◆ DATA FOR THIS EXERCISE
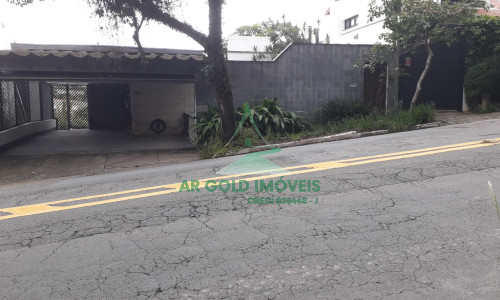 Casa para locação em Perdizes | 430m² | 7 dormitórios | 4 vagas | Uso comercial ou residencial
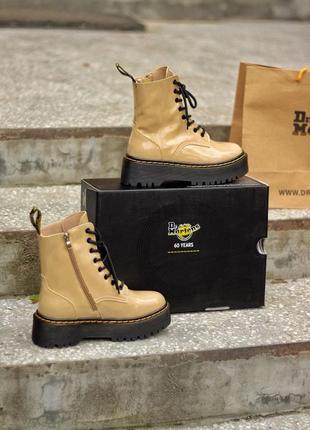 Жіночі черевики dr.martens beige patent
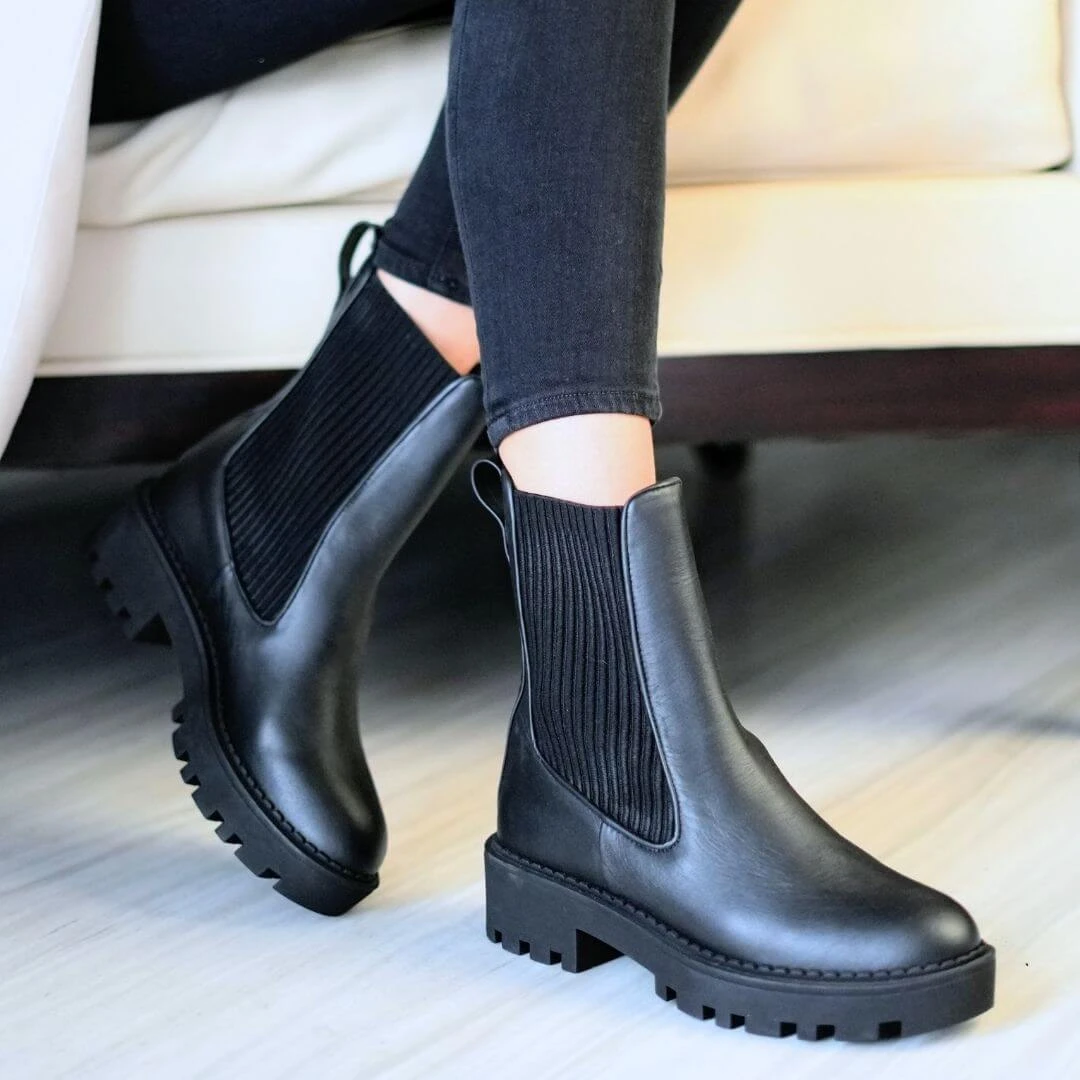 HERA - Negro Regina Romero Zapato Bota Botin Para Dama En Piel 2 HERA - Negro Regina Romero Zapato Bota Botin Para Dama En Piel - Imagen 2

---

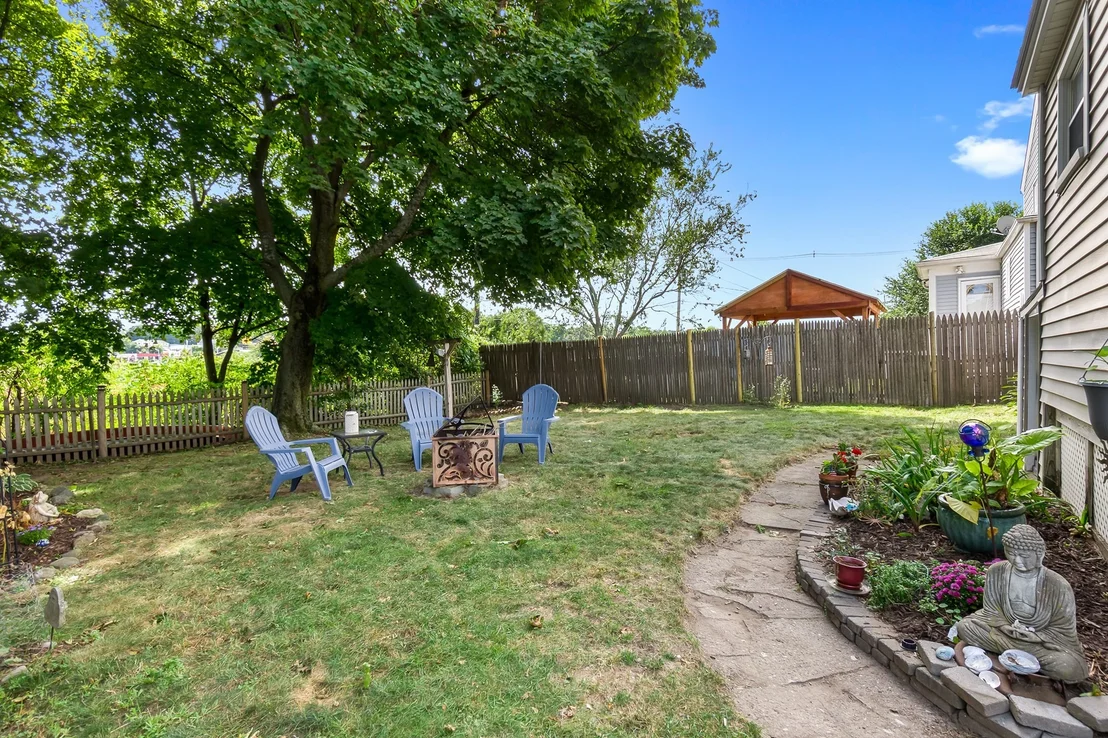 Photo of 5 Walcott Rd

* * *

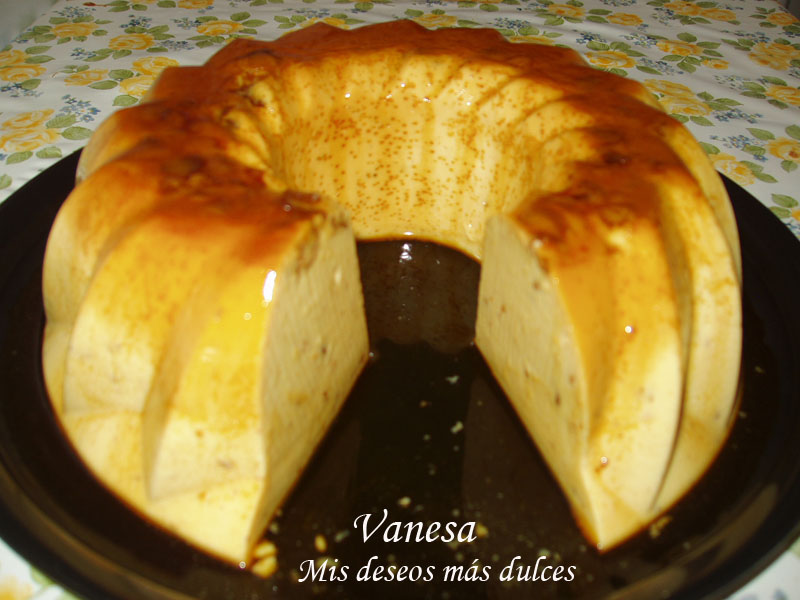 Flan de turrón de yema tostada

◆ REQUIRED WORK
Reproduce, exactly and only, the lines of the records above starting at the line with "Жіночі черевики dr.martens beige patent" and ending at the line with "Piel - Imagen 2", both included. Leave every picture out.

◆ TASK SOLUTION
 Жіночі черевики dr.martens beige patent
 HERA - Negro Regina Romero Zapato Bota Botin Para Dama En Piel 2 HERA - Negro Regina Romero Zapato Bota Botin Para Dama En Piel - Imagen 2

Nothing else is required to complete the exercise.